By RACHAEL LONG / Photo submitted by Nelson Andrews
Brentwood officers joined members of the Brentwood Fire and Rescue team, and other officers in the area this morning to show their support for fallen Tennessee police officers.
According to Assistant Chief of Brentwood Police Tommy Walsh, family members of the officers along with members of the state Fraternal Order of Police (FOP) held a ceremony Friday morning in Nashville to honor the service of those fallen officers.
One of those honored today was Metro Nashville Police Officer Michael Petrina, who was killed on duty five years ago today, according to the Metro Nashville Police Department Facebook post. Petrina was fatally struck by a motorist on I-65 when the driver failed to move over.
The procession of FOP and family was escorted from the Cool Springs Marriott hotel onto I-65, and then into Nashville by a group of area officers, including one Brentwood officer.

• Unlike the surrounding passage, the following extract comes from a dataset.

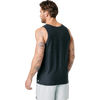 Vuori Men's Strato Tech Tank in HCC Charcoal Heather back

To honor the procession, Walsh said members of the Brentwood Fire and Rescue team decorated the Concord Road I-65 overpass with personnel and an American flag supported by a fire apparatus. It was also a way to show the family support from Brentwood’s first responders.
Walsh said the officers helped ensure traffic could safely flow around the fire apparatus.
Nashville firefighters displayed a flag on a truck parked on an overpass just south of the junction of I-65 and I-40.
Newly elected City Commissioner Nelson Andrews said he was on his way back from a breakfast meeting in Cool Springs when he saw the Brentwood fire truck on the overpass. He pulled over to see what was going on, and Nelson said the scene was “really somber.”
“It looked like someone had built a tower on the overpass because all the lights were on,” Andrews said. “It looked pretty amazing.”
When he pulled up on the scene, Andrews said members of the fire department were standing at attention across the top of the ladder truck.
“I was so grateful…to be able to acknowledge just the commitment the first responders make to our community,” Andrews said. “When they go to work — police, fire, all those folks — don’t necessarily know what they’re going to find, and they are fully committed to it.”
Andrews said it was a sobering reminder of what goes on in the community and the unknowns that first responders face every day.
“I’m just so proud that our Brentwood team was able to take part in honoring some folks who really made the ultimate sacrifice for our community,” Andrews said.